*Data*:
################

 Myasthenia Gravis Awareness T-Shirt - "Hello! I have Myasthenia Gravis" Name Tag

################

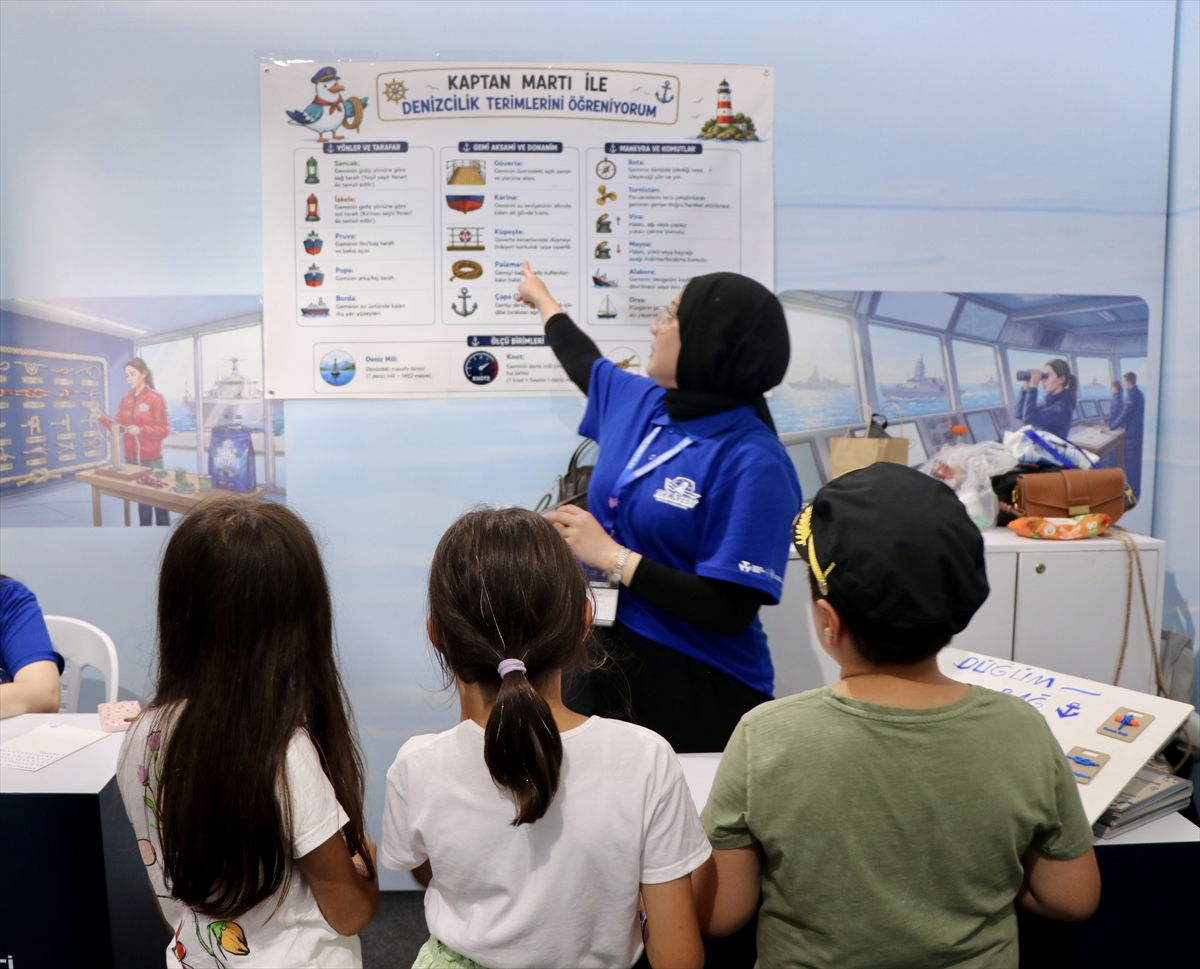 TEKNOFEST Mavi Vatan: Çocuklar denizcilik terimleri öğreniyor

################

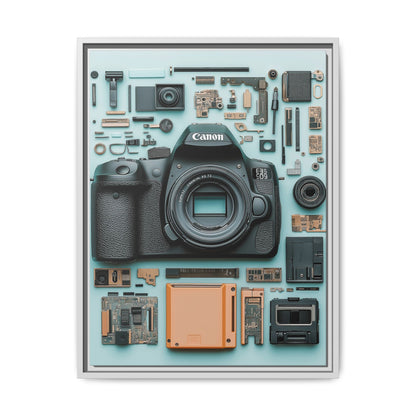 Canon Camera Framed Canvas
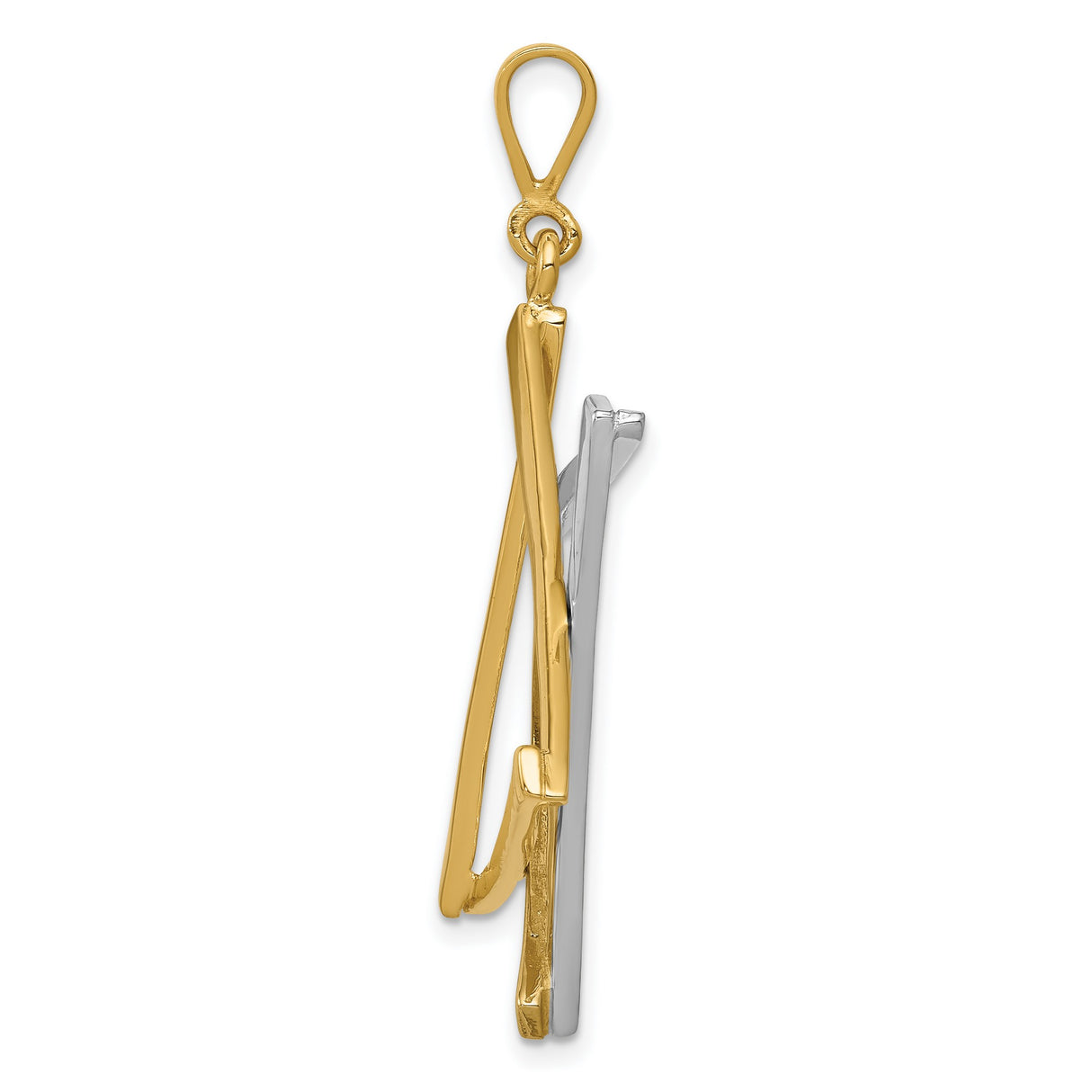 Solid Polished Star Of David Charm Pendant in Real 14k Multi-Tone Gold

################

*What is being asked*: Quote the lines above exactly, starting with the one that has "Canon Camera Framed Canvas" and ending with the one that has "Solid Polished Star"; drop the pictures and include nothing else.

*Finished exercise*:
 Canon Camera Framed Canvas
 Solid Polished Star Of David Charm Pendant in Real 14k Multi-Tone Gold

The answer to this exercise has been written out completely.